|
|
|
|
|
by rramadass
2459 days ago
|
|
This is great! These are some concrete and non-trivial architectural techniques for "Systems Programming" :-) I have had opportunity to work on/with some of these techniques on Fast Network Protocol/Security Appliances and so have some familiarity with them. However some of your hints(breadcrumbs?) are not known to me and hence i have something to research and study. Thank you. PS: Can you add some more details on the above techniques? Like System/Library/API calls to look into, books/papers/articles to read etc? |
|
Speaking of breadcrumbs, if the ring buffer has fixed-size entries, a reader can come in later and start reading old entries first, say halfway back. This is helpful if you want to start a new reader and then kill an old one, and not skip any entries.
It helps if the ring has power-of-two size, and the head pointer/index is 64 bits and increases monotonically. Then the high bits are easily masked off on each use, so that arithmetic on pairs of positions is simpler.

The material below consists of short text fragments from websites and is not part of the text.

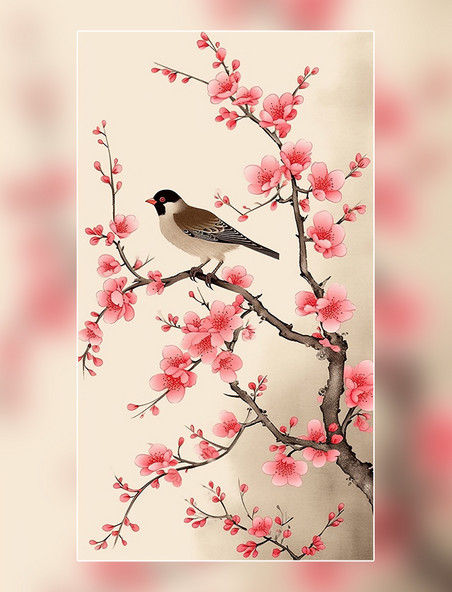 中国水墨风格超细节梅花鸟中国风中国水墨画国风插画传统绘画风格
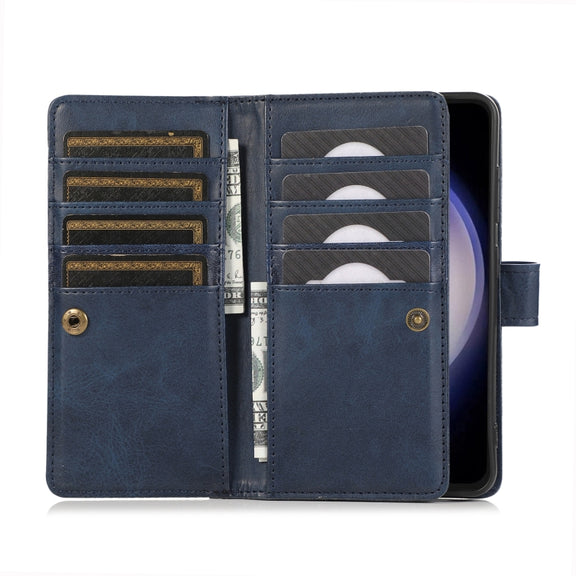 For Samsung Galaxy S24+ 5G Wristband Card Slot Leather Phone Case(Blue)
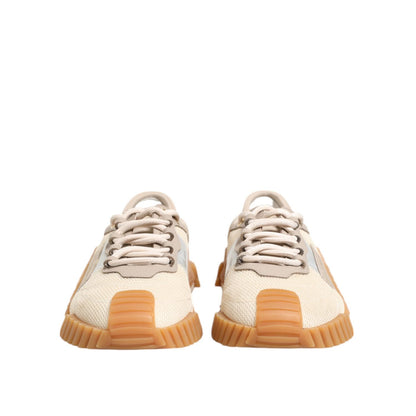 Dolce & Gabbana Beige Lace Up Low Top NS1 Men Sneakers Shoes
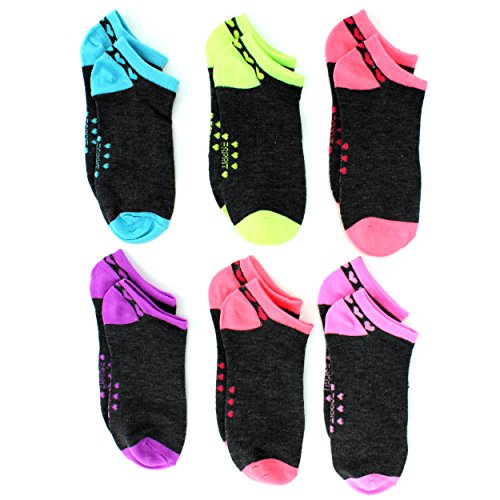 Esprit Womens 6 pk No Show Socks (9-11 (Shoe: 4-10), Neon Heart Grey)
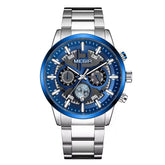 MEGIR 2220 blue Basel Silver Chain chronograph watch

For variable-sized entries, an array of N "breadcrumbs", past positions near 1/Nth indices, allows jumping in at earlier positions. If traffic is low enough, you might be able to buffer a whole day's traffic, and get random access starting from breadcrumbs; otherwise, you can log old entries to a sequential file, and also log the breadcrumbs, translated to file offsets, as a global index.
Downstream processes can each sequentially log an individual field of each record, with a breadcrumb index to enable full records to be reconstructed. Often these column logs can be compressed, with enormous efficiency, between breadcrumbs: 98% compression may be easy to achieve for slowly-changing or limited-alphabet values.
Lz4 and Zstd are excellent compression engines. Lz4 really shines for fast decompression. There is no excuse for zlib/gz compression anymore.